Brief descriptive captions
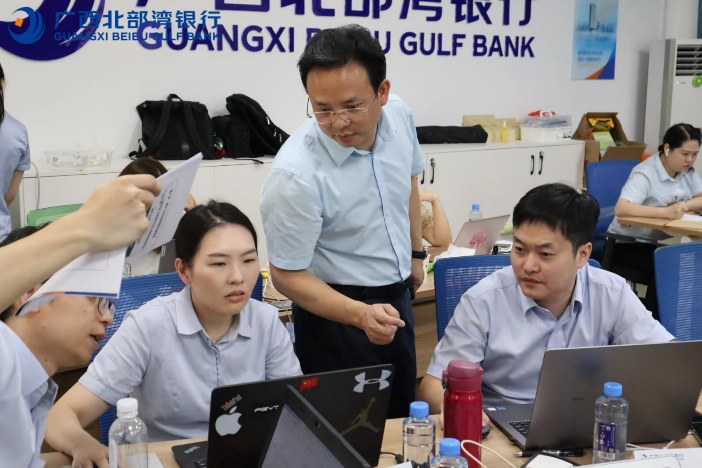胡军令老师授课现场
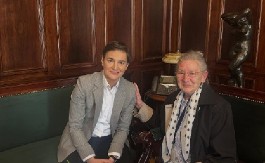 BRNABIĆ UPOZNALA VERU MILOŠEVIĆ "Bila je toliko pogođena nasiljem u skupštini, da je istog dana došla da mi ostavi cvet i pismo" (FOTO)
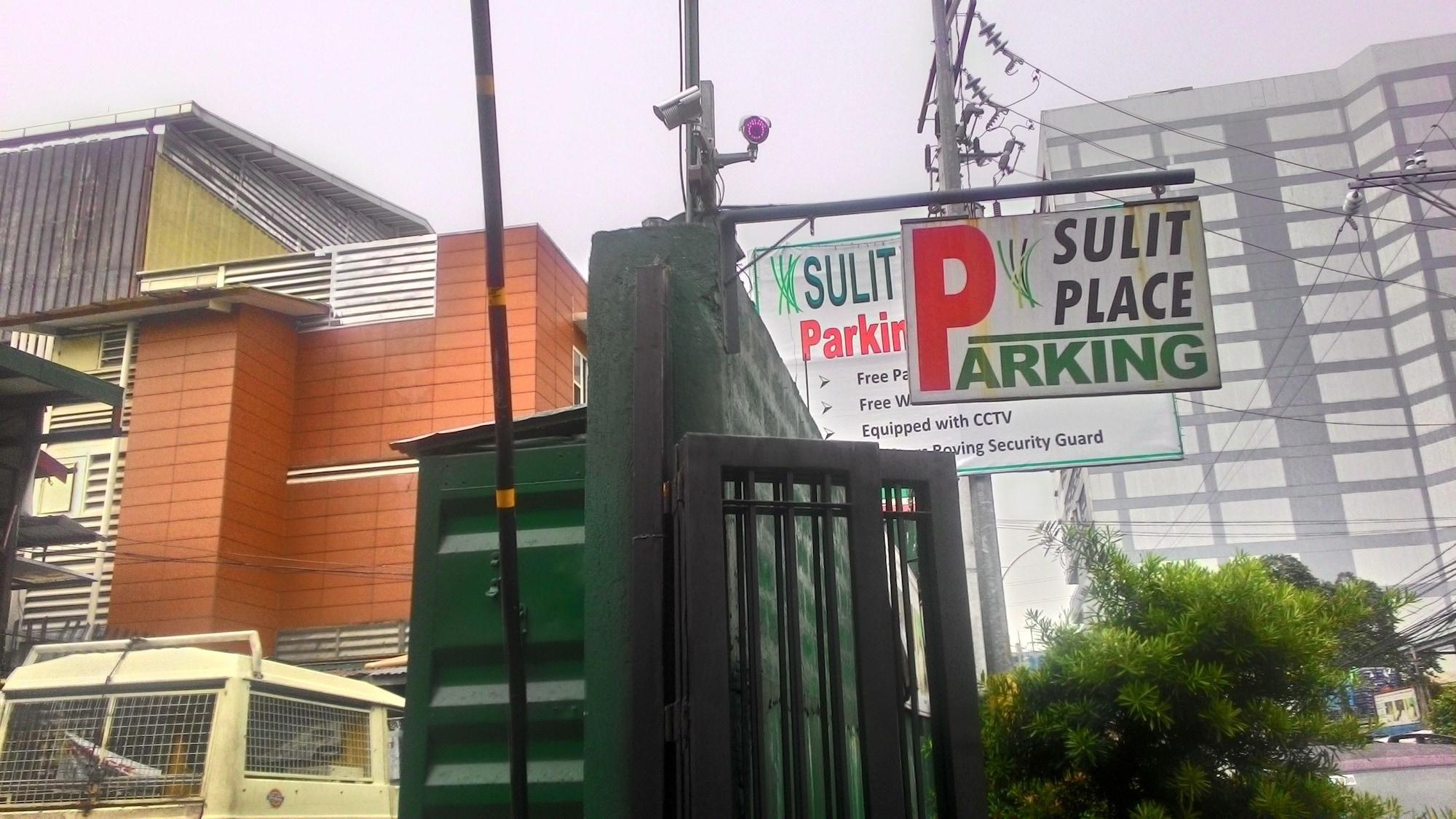 Vista Exterior Sulit Place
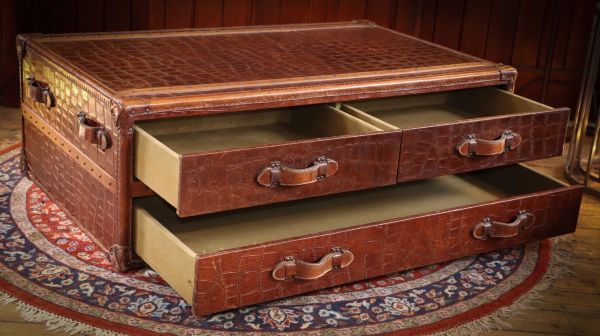 Stunning Timothy Oulton Stoneyhurst Large Leather Coffee Table Antique Whisky - Image 4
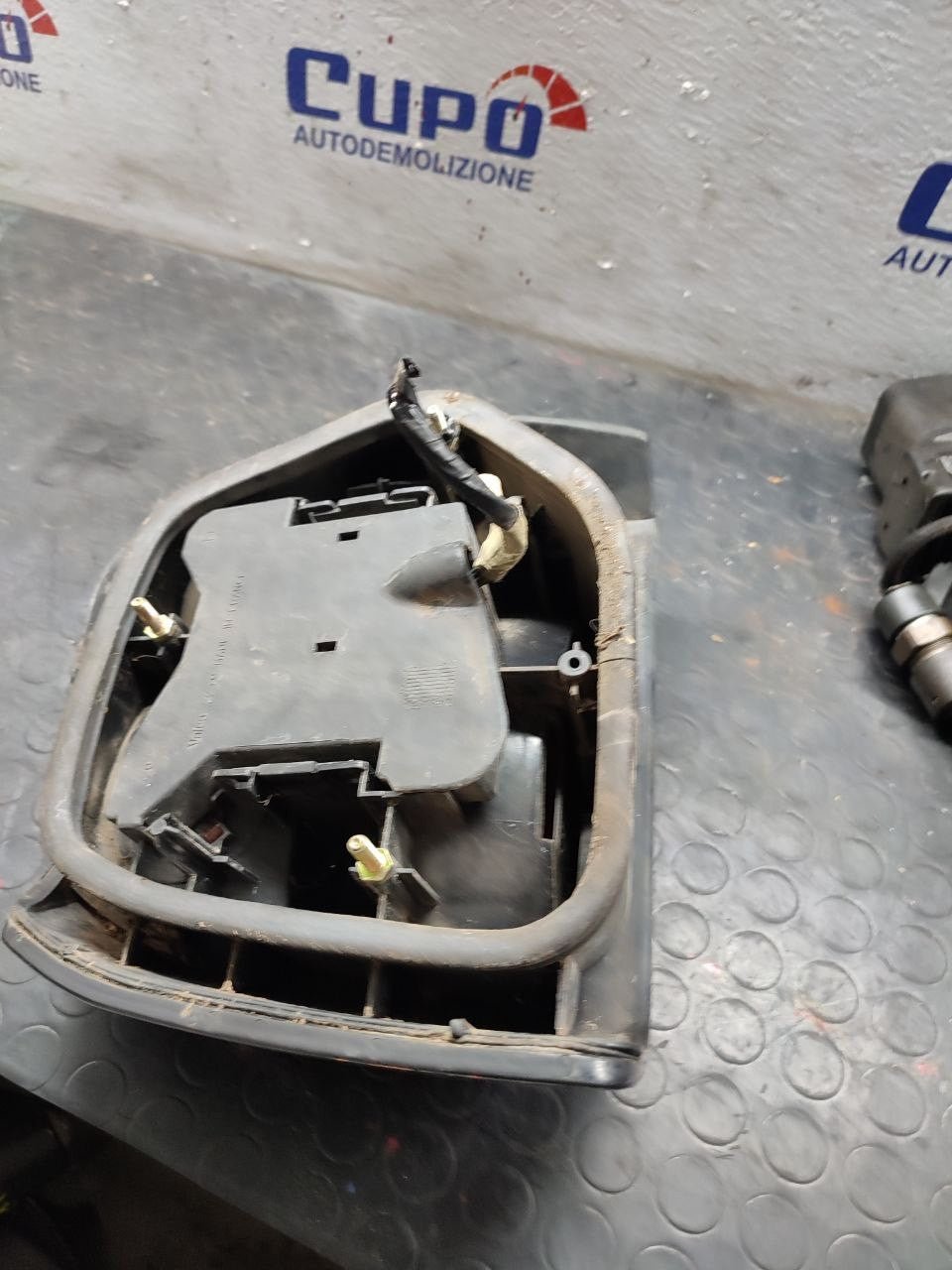 Stop posteriore destro Renault 19 chamade - F&P CRASH SRLS - Ricambi Usati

— Aim of the task —
All records above should be duplicated exactly, with the pictures omitted.

— Task answer —
胡军令老师授课现场
 BRNABIĆ UPOZNALA VERU MILOŠEVIĆ "Bila je toliko pogođena nasiljem u skupštini, da je istog dana došla da mi ostavi cvet i pismo" (FOTO)
 Vista Exterior Sulit Place
 Stunning Timothy Oulton Stoneyhurst Large Leather Coffee Table Antique Whisky - Image 4
 Stop posteriore destro Renault 19 chamade - F&P CRASH SRLS - Ricambi Usati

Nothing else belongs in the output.